-- Record set --
****************************************
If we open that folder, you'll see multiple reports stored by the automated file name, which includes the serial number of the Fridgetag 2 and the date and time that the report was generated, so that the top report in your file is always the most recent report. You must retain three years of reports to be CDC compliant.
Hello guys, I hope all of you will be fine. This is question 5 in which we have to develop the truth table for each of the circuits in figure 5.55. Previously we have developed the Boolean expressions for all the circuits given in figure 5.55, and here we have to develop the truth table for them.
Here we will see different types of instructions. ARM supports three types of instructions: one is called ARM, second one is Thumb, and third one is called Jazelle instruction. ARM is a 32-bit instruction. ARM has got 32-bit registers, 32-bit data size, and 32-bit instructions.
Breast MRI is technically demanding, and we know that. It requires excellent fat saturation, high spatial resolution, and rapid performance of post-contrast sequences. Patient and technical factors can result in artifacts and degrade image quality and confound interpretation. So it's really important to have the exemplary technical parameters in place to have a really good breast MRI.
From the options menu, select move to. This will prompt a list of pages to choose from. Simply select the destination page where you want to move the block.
****************************************
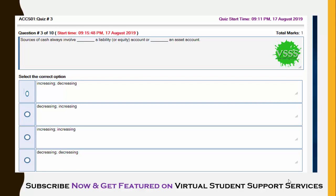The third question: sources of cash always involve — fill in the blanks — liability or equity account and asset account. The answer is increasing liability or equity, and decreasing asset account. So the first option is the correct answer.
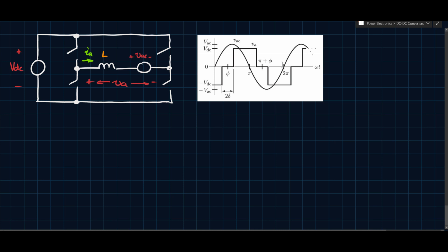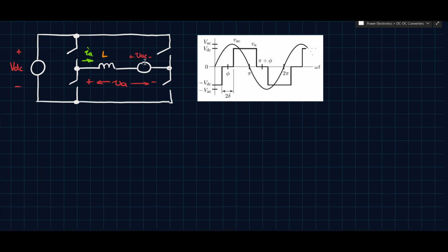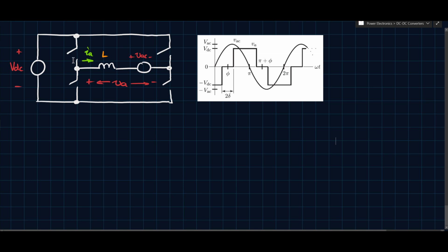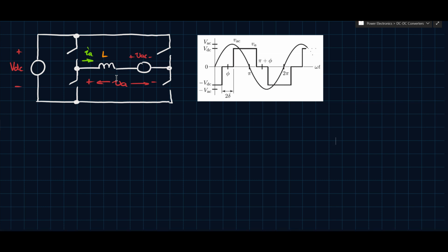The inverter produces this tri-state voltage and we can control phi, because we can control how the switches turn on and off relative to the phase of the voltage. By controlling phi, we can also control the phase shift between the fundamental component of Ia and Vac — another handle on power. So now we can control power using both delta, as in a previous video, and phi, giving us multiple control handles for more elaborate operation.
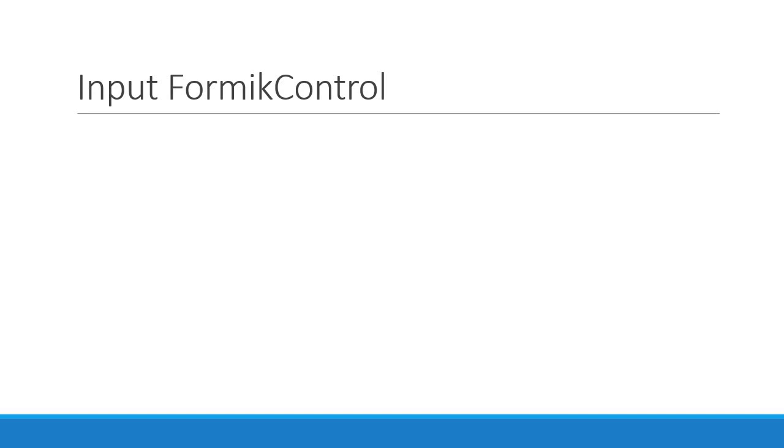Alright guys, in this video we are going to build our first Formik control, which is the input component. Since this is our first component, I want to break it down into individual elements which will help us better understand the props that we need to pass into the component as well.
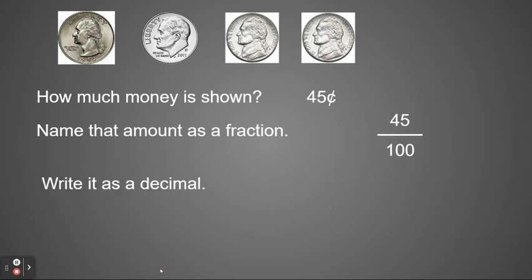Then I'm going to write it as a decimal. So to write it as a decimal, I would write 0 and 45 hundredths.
****************************************
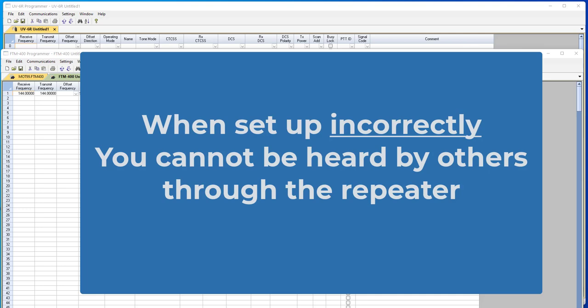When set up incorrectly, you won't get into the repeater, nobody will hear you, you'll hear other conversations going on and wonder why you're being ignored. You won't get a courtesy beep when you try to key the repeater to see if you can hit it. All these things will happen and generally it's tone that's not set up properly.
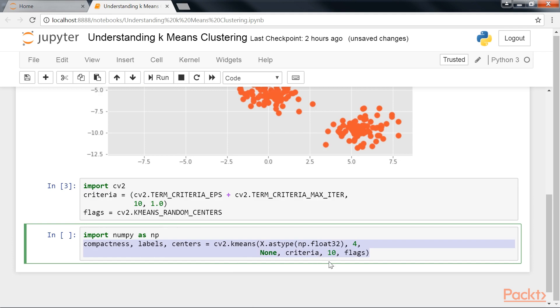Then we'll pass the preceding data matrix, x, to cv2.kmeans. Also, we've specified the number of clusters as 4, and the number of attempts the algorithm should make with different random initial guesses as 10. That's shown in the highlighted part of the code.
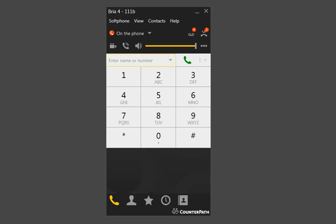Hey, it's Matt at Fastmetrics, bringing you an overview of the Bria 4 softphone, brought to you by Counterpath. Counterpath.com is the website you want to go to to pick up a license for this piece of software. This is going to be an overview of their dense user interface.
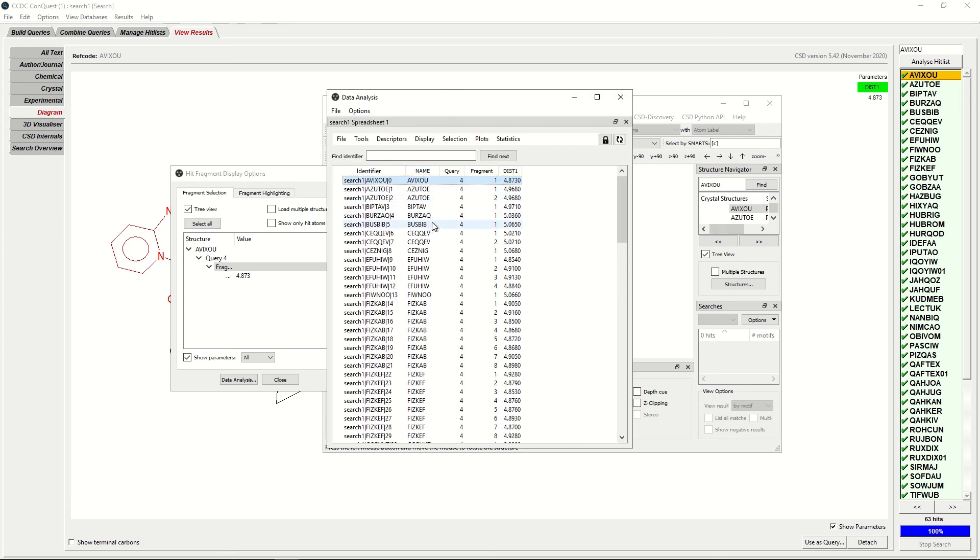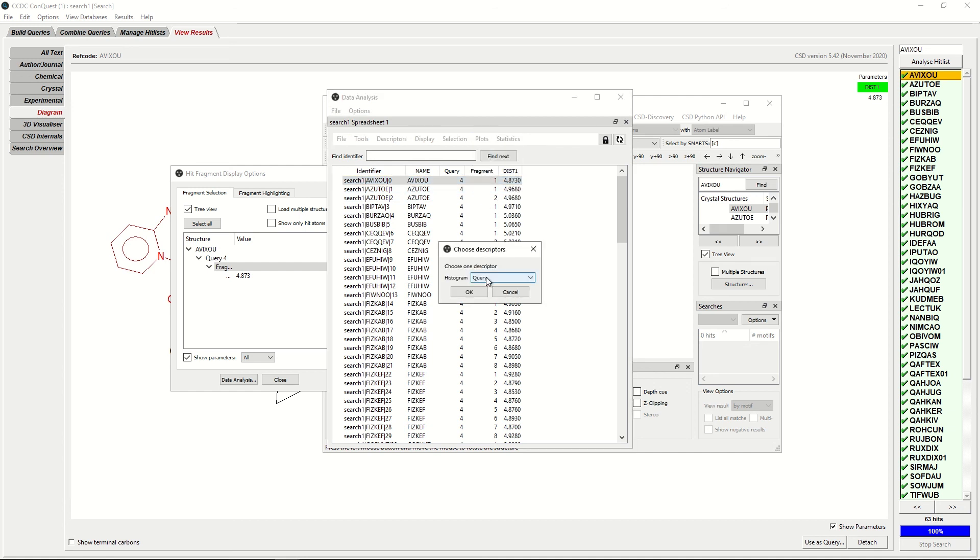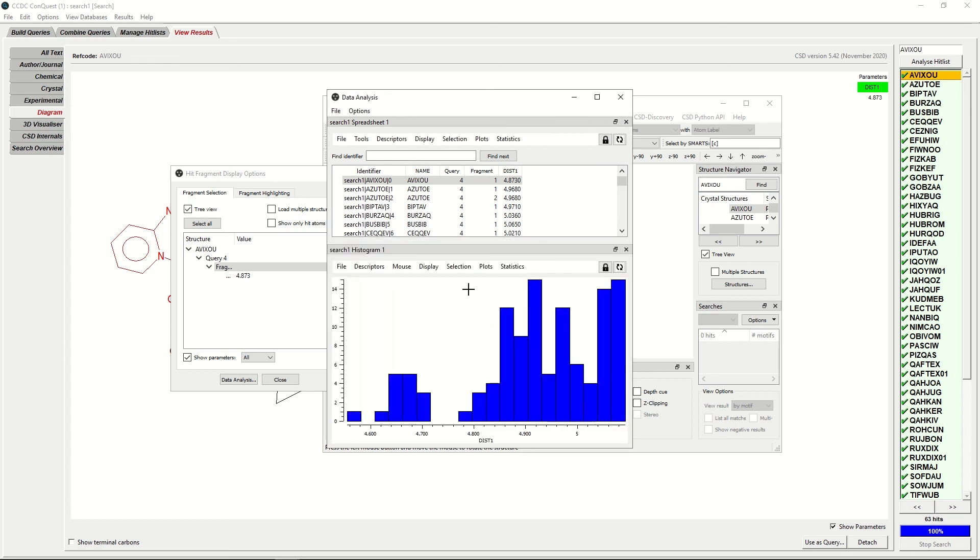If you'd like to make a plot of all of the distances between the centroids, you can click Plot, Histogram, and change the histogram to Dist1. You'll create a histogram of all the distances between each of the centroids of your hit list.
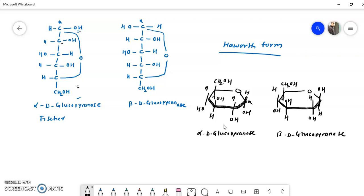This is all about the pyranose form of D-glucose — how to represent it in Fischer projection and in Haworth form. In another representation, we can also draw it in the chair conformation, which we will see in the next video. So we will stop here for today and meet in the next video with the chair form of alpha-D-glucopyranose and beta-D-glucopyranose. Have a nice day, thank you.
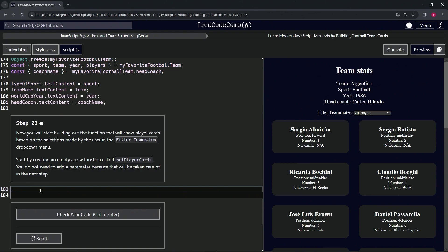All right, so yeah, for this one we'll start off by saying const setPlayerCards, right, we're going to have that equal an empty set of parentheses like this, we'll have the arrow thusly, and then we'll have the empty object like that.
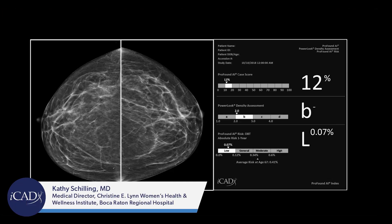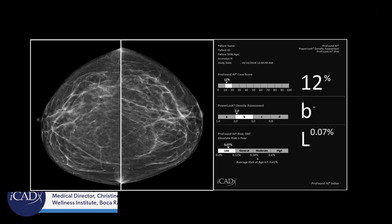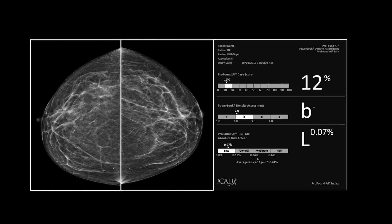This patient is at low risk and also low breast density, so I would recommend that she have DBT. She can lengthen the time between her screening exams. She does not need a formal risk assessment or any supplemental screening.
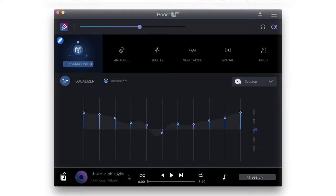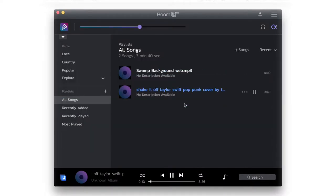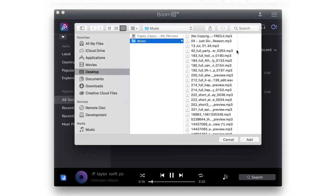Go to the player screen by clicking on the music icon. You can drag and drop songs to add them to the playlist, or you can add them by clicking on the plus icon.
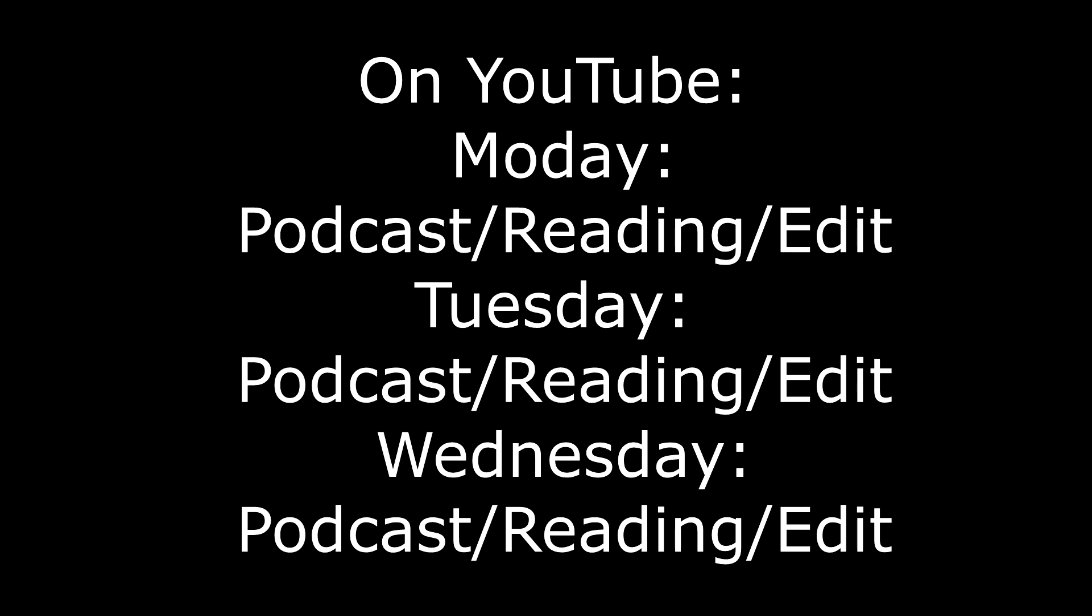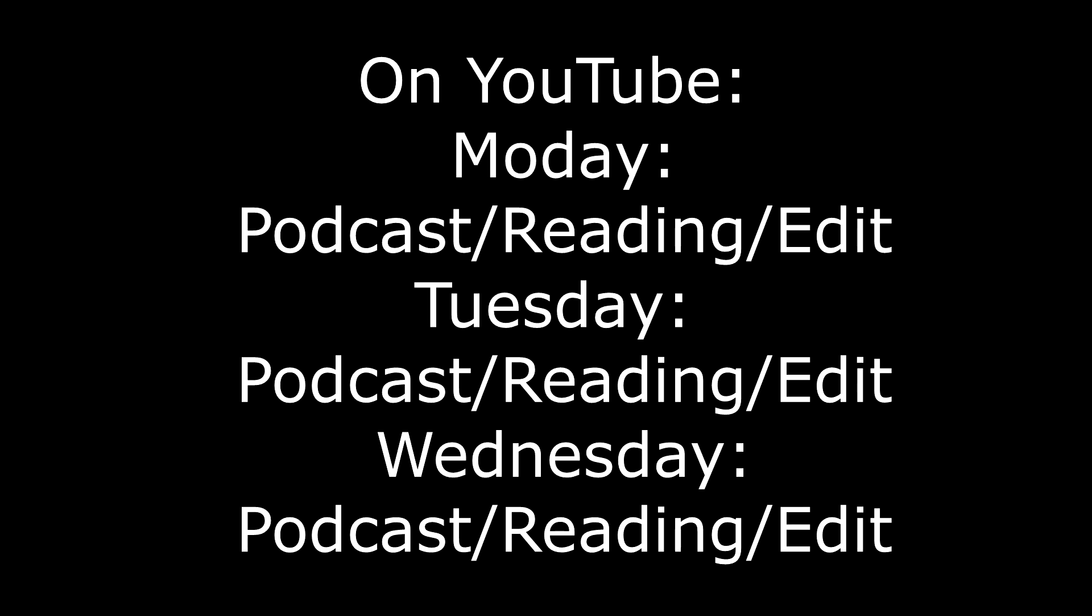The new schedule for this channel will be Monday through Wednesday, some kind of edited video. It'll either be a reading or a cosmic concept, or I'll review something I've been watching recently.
****************************************
-- Task --
Using only the entries above, output the line with "Breast MRI is", the line with "From the options", and all lines between them, exactly as they stand.

-- Written answer --
Breast MRI is technically demanding, and we know that. It requires excellent fat saturation, high spatial resolution, and rapid performance of post-contrast sequences. Patient and technical factors can result in artifacts and degrade image quality and confound interpretation. So it's really important to have the exemplary technical parameters in place to have a really good breast MRI.
From the options menu, select move to. This will prompt a list of pages to choose from. Simply select the destination page where you want to move the block.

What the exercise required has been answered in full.